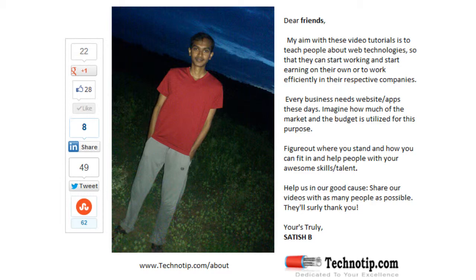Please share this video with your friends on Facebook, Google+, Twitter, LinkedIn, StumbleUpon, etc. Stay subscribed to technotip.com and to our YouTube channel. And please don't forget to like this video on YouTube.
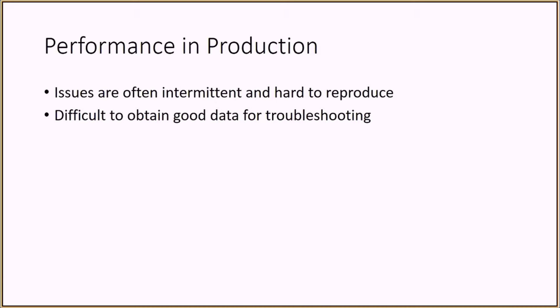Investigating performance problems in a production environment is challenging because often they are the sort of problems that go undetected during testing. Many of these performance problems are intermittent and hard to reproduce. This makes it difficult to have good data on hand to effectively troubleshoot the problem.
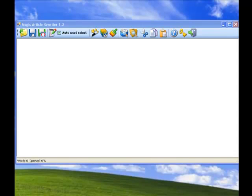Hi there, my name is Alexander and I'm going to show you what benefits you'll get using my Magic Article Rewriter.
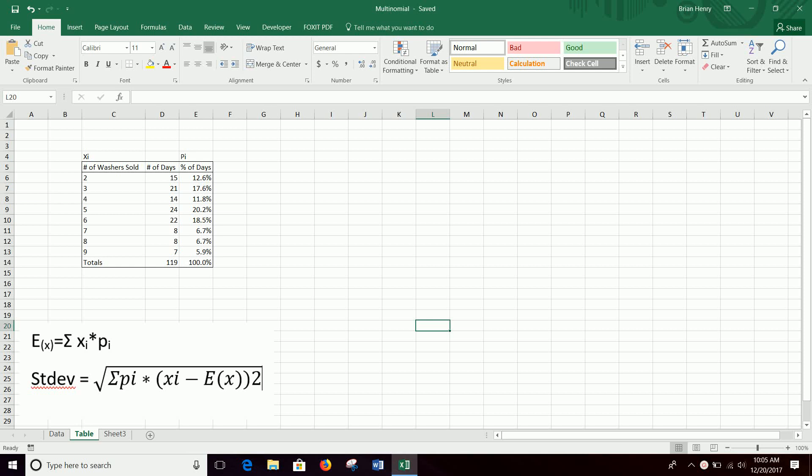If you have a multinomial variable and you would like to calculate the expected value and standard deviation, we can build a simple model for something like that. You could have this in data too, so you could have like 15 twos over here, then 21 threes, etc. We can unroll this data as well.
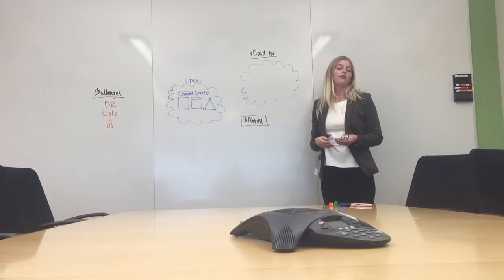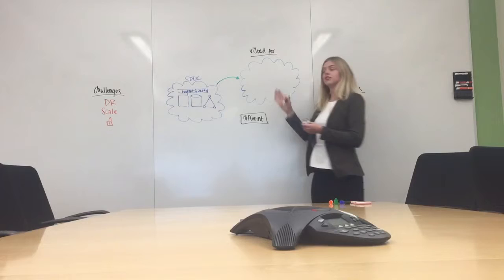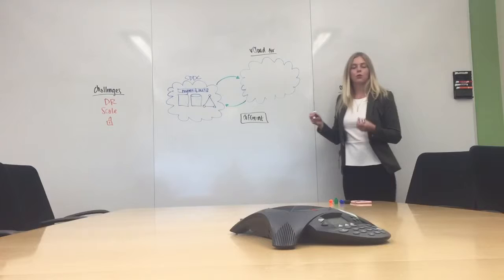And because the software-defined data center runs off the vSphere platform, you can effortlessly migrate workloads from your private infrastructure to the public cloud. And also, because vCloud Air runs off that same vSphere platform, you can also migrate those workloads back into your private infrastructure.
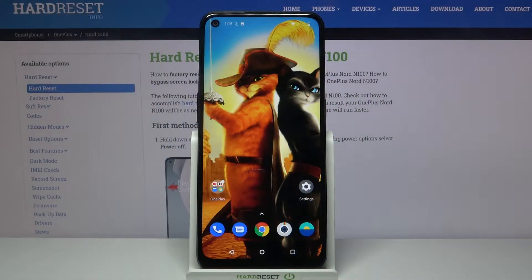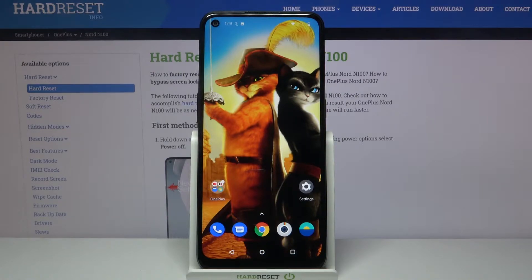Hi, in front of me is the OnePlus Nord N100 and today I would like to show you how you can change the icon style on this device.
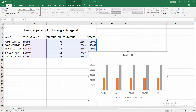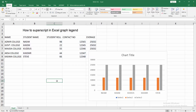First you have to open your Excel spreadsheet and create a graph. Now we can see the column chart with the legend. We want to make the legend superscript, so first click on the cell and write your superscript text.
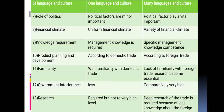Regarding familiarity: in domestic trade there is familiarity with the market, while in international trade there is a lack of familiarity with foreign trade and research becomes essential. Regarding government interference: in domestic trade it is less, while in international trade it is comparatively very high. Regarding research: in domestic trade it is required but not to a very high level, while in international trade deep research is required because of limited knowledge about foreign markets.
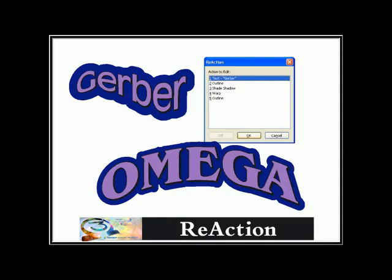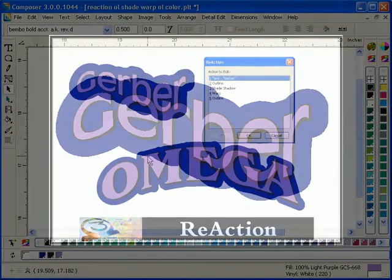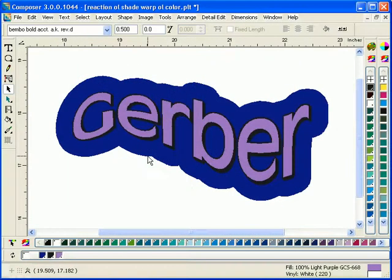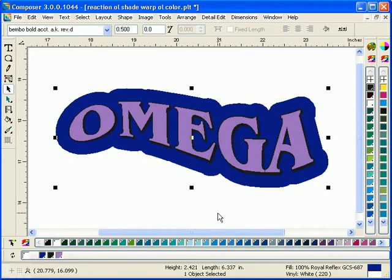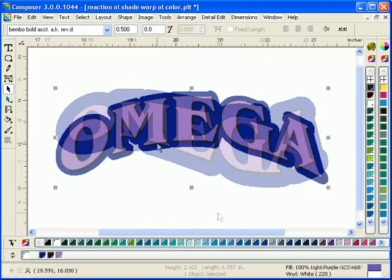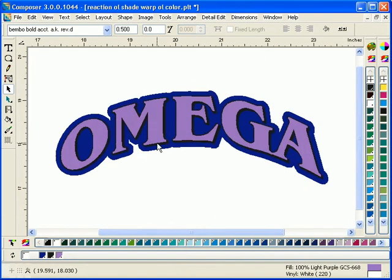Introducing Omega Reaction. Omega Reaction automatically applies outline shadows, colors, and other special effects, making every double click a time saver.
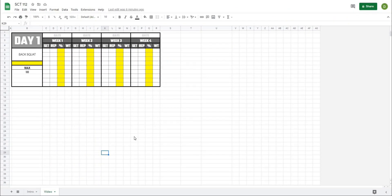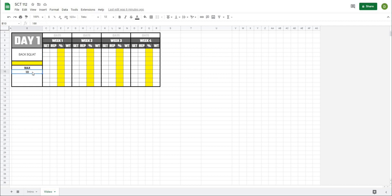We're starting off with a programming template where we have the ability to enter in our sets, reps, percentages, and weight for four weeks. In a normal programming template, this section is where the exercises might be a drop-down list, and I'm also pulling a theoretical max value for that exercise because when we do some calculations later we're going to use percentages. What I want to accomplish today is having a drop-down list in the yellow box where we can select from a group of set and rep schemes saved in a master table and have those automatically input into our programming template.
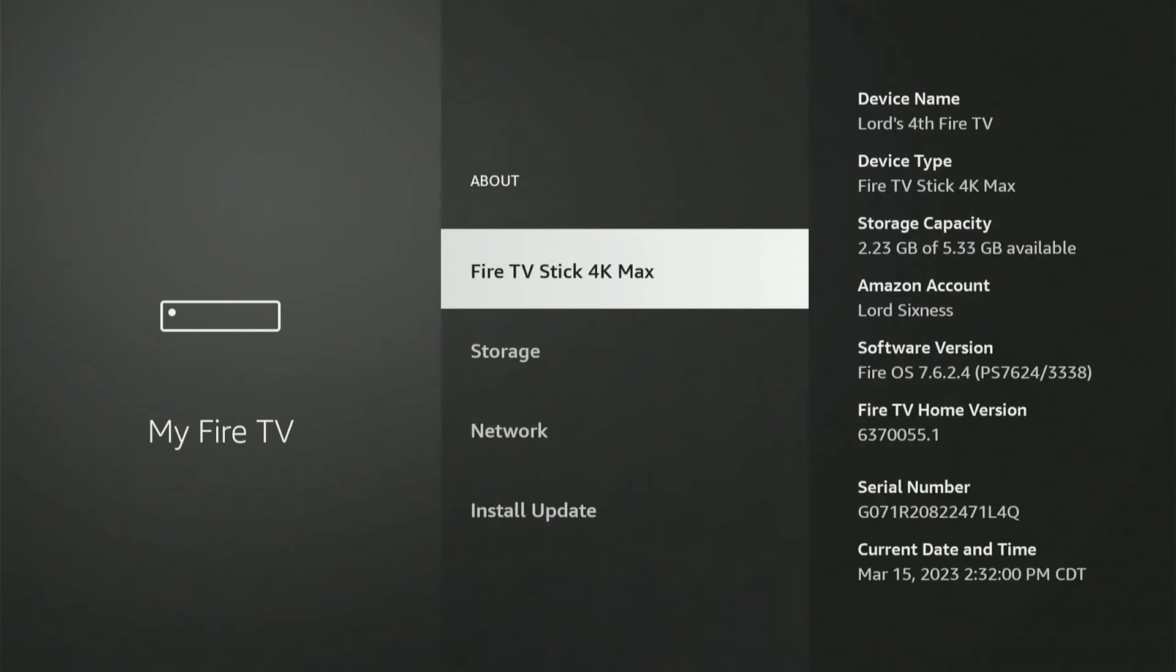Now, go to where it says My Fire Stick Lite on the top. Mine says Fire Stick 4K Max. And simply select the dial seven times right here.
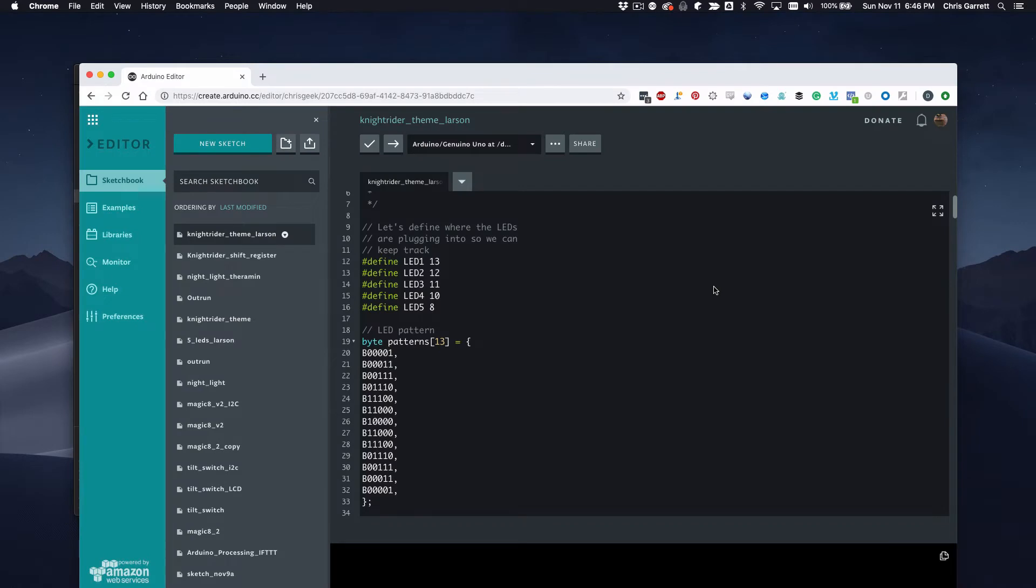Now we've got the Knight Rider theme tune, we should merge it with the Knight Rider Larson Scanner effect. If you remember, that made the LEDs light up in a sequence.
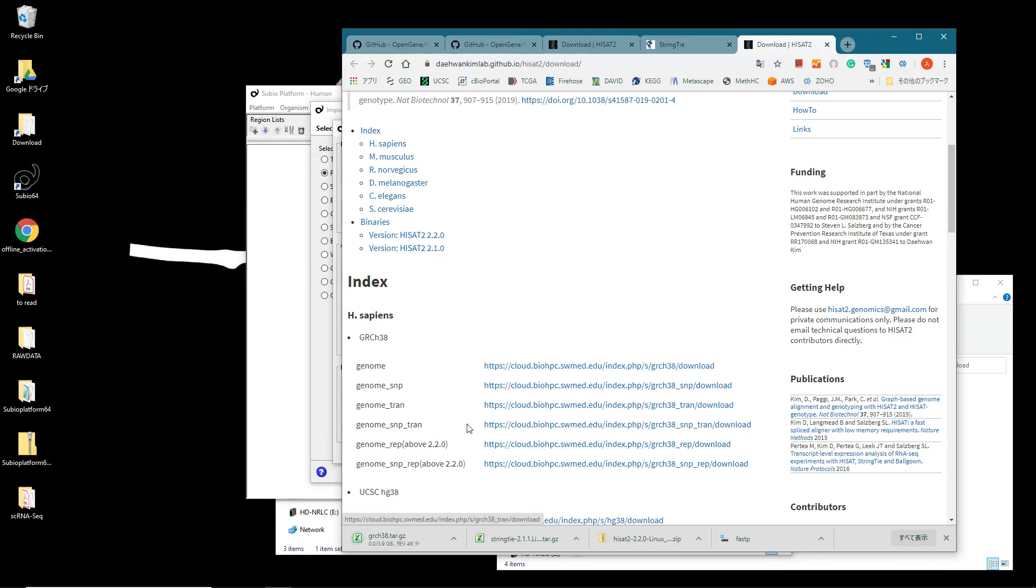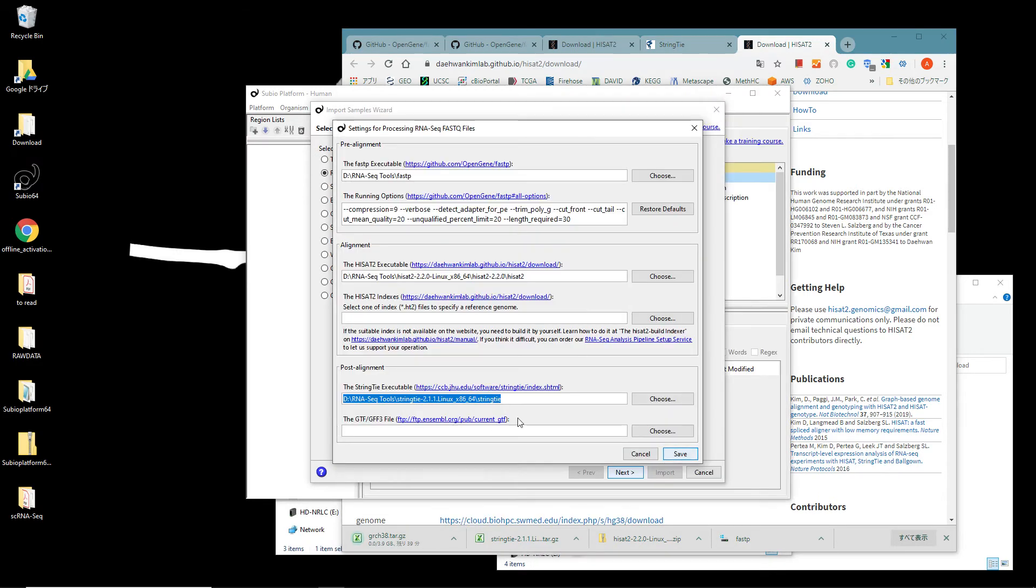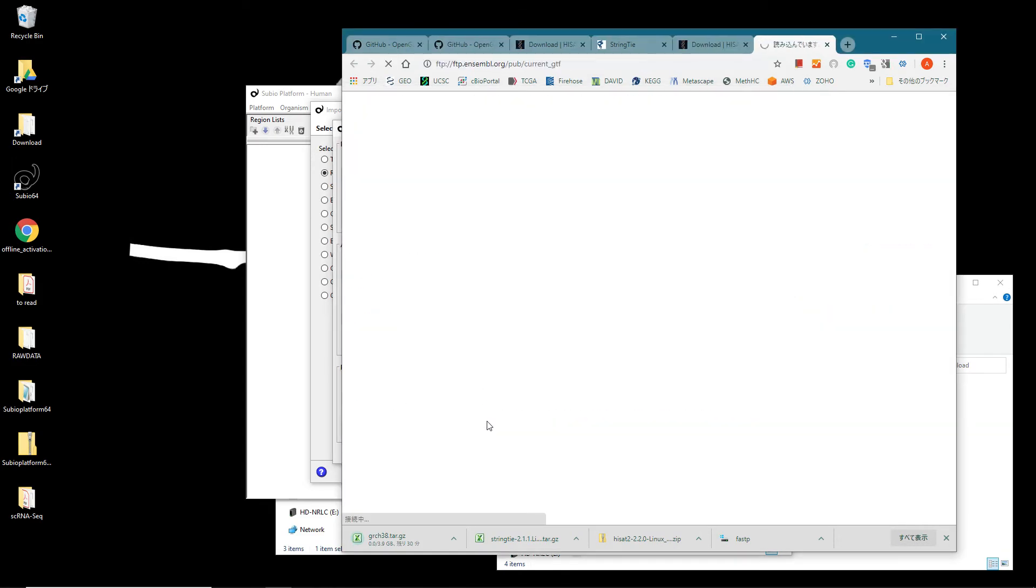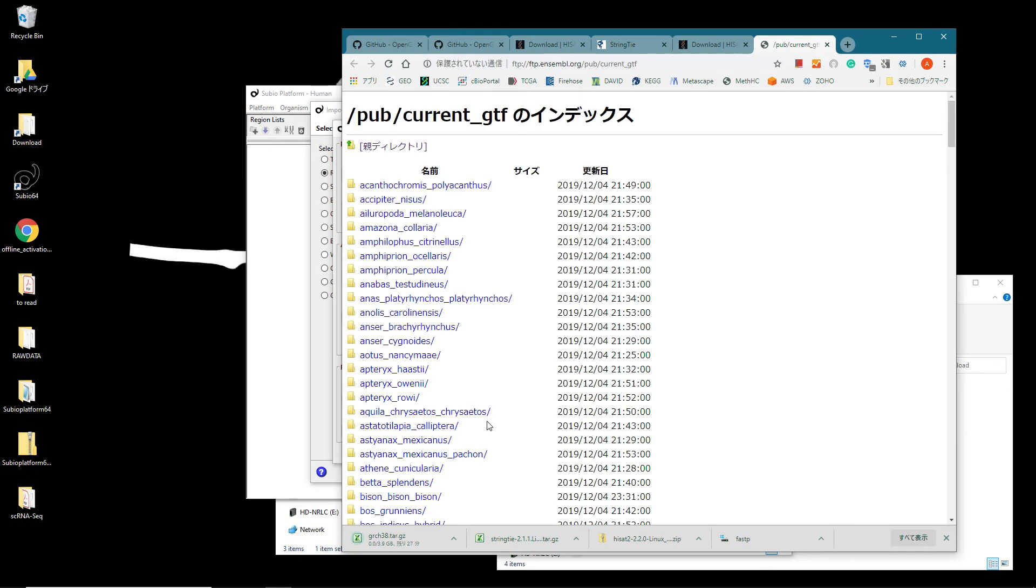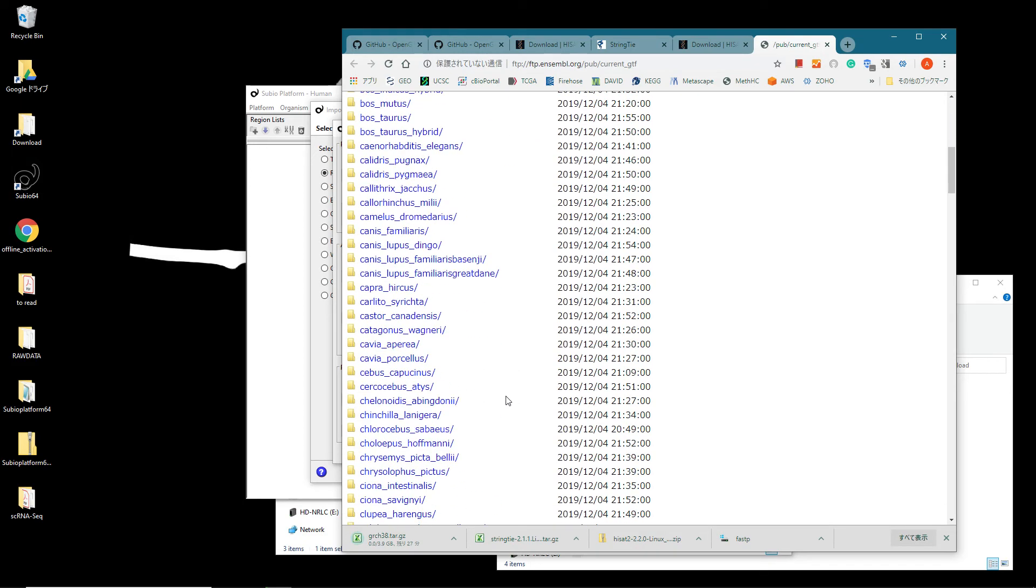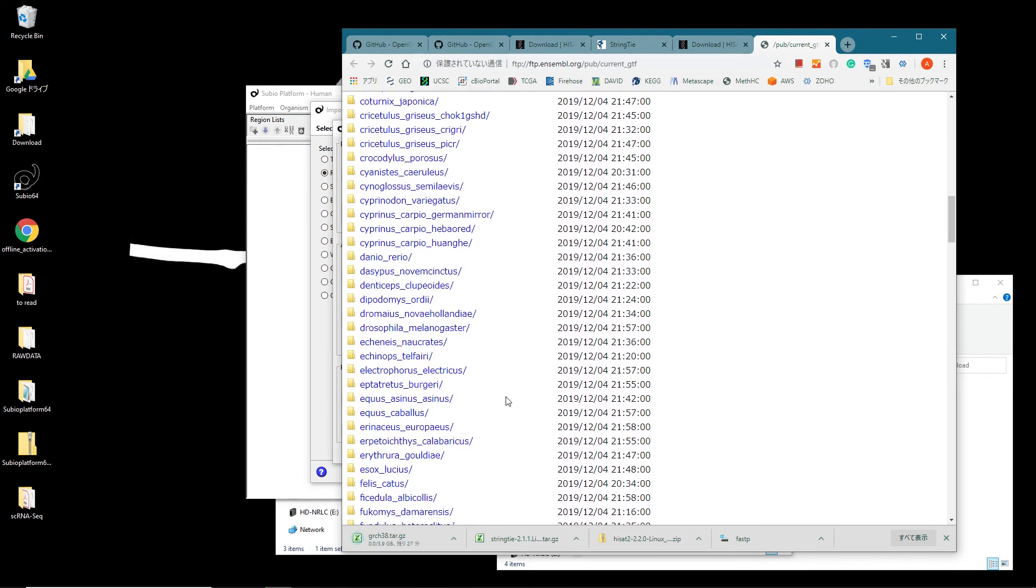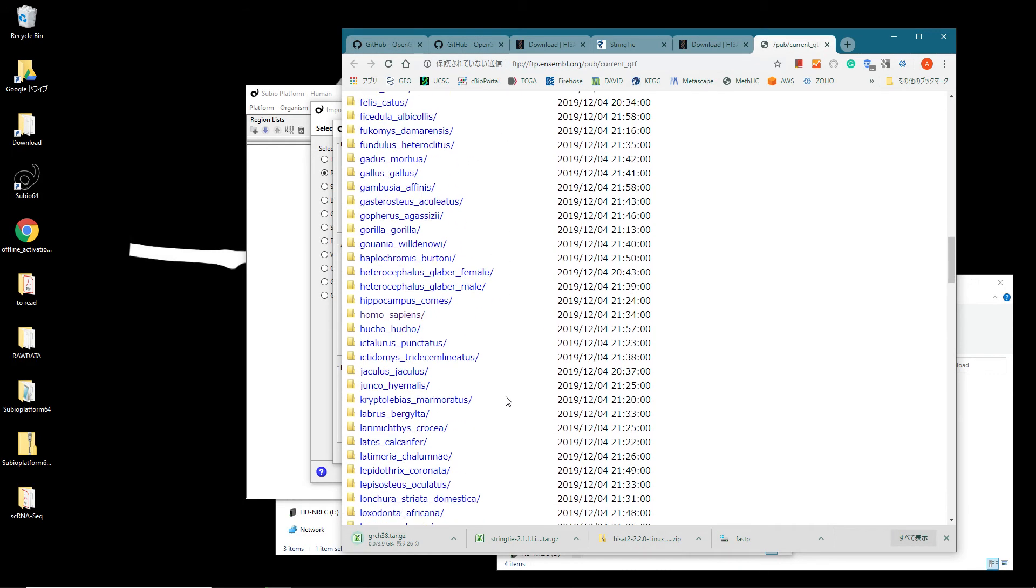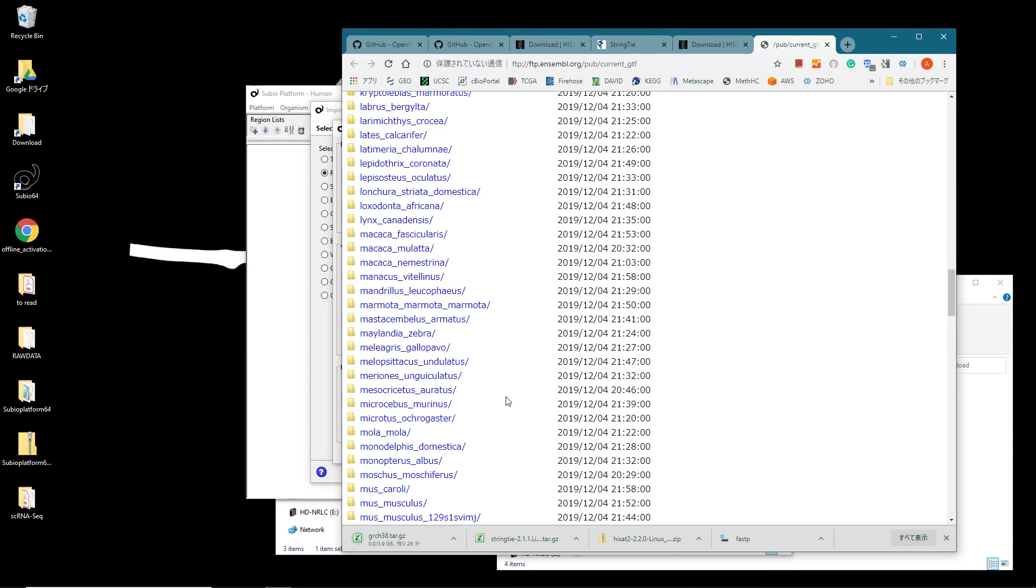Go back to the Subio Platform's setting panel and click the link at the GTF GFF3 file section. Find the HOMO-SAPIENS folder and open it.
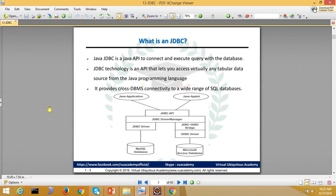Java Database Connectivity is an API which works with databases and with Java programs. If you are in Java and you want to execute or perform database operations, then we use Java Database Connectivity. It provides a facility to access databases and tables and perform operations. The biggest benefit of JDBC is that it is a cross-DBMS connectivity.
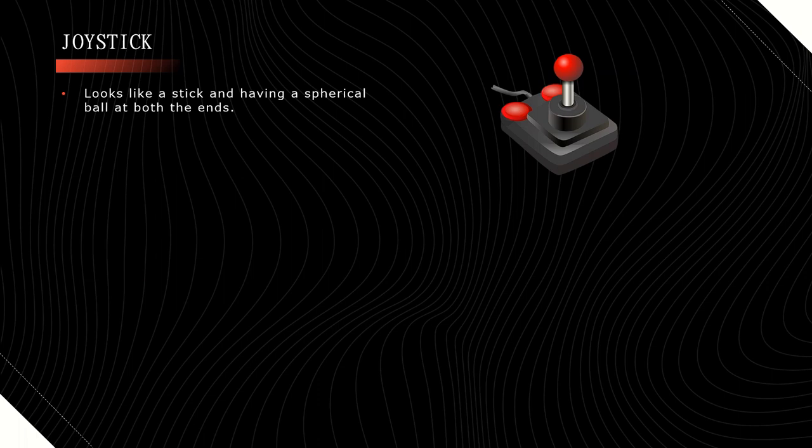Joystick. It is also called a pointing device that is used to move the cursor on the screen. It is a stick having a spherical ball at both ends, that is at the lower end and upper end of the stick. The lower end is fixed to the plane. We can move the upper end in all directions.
═══
» Task statement
Every line from the one with "Java Database Connectivity is" to the end of the records above should be restated word for word, and no picture belongs in the copy.

» Your response
Java Database Connectivity is an API which works with databases and with Java programs. If you are in Java and you want to execute or perform database operations, then we use Java Database Connectivity. It provides a facility to access databases and tables and perform operations. The biggest benefit of JDBC is that it is a cross-DBMS connectivity.
Joystick. It is also called a pointing device that is used to move the cursor on the screen. It is a stick having a spherical ball at both ends, that is at the lower end and upper end of the stick. The lower end is fixed to the plane. We can move the upper end in all directions.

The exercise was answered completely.